Aer Lingus profits up as sale row continues

A takeover of Aer Lingus by IAG would deliver significant benefits for the airline, the carrier's chiefs have said
A takeover of Aer Lingus by IAG would deliver significant benefits for the airline, the carrier's chiefs have said

THE incoming chief executive of Aer Lingus has refused to reveal the value the company has put on its Heathrow slots.

Chief executive Stephen Kavanagh said today that the airline needed investment of about €2bn.

When he was asked about previous valuations of Heathrow slots, he said: “The valuation depends ultimately on the market.”

“Ultimately the value on offer reflects the value of the business. It offers the option of growth. This will result in the creation of jobs, more economic activity and real value because of the global strength of IAG.”

CLAIMS

He also rejected claims by unions that up to 1,200 jobs could be lost if IAG comes on board.

“IAG is not an airline, it’s an infrastructure company that invests in airlines,” he said.

“In the airline business cost cutting is never at an end.
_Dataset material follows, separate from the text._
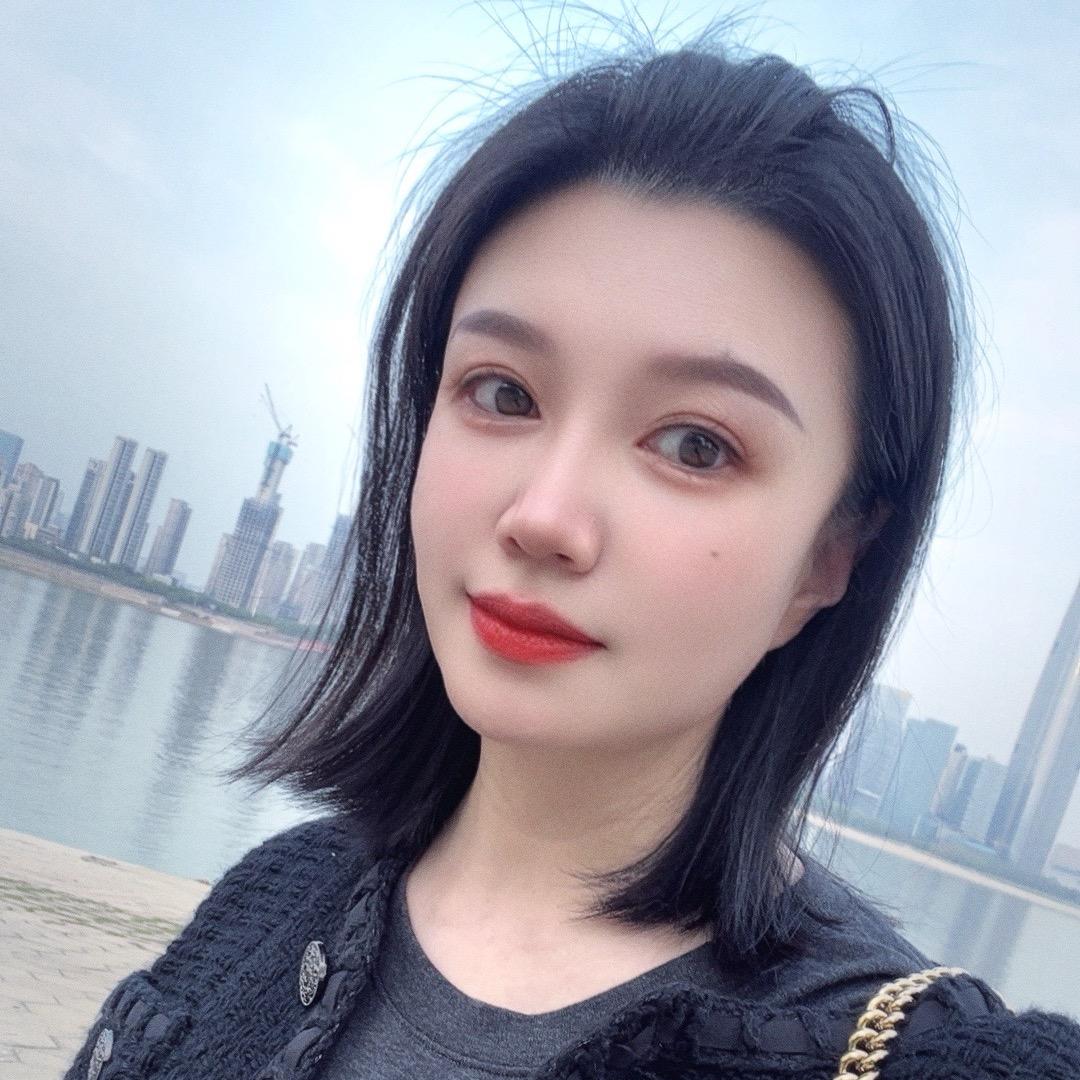 于美丽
Processes become redundant.”

This morning, Aer Lingus reported operating profits of €72m, up 17.8pc for the year ended December 2014.
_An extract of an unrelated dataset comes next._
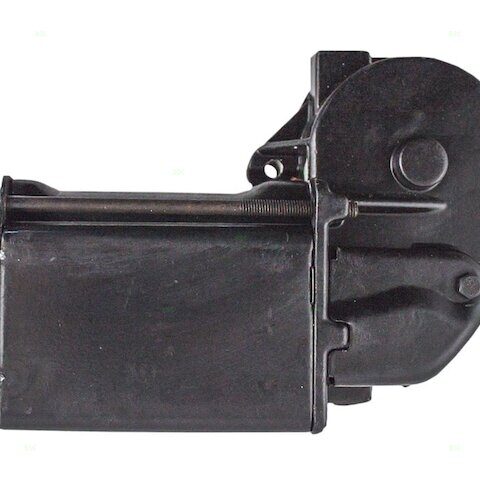Brock Window Motor 1551-1805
However, the airline reported an overall loss of €95.8m when the €190m provision for its pension costs are included.

Aer Lingus last year agreed to a new plan to provide €190m to establish a new defined contribution pension scheme for staff to replace the IASS which was drafted by a government-backed expert panel.

Commenting on the results, the Aer Lingus chairman Colm Barrington also reiterated the board’s support for the €1.4bn bid from IAG.

The airline said today that total revenue for 2014 was up 9.2pc to €1.6bn, compared to €1.4bn in 2013.

During 2014 Aer Lingus’ total network passengers surpassed 11 million for the first time in its history.

Meanwhile, Labour is expected to ramp up opposition to the €1.4bn Aer Lingus takeover.

An emergency motion opposing the sale of the State’s stake in the airline will be put before Labour members at their conference in Killarney this week.

An expected vote in favour of the motion will cement opposition to the deal and leave Fine Gael with a major headache.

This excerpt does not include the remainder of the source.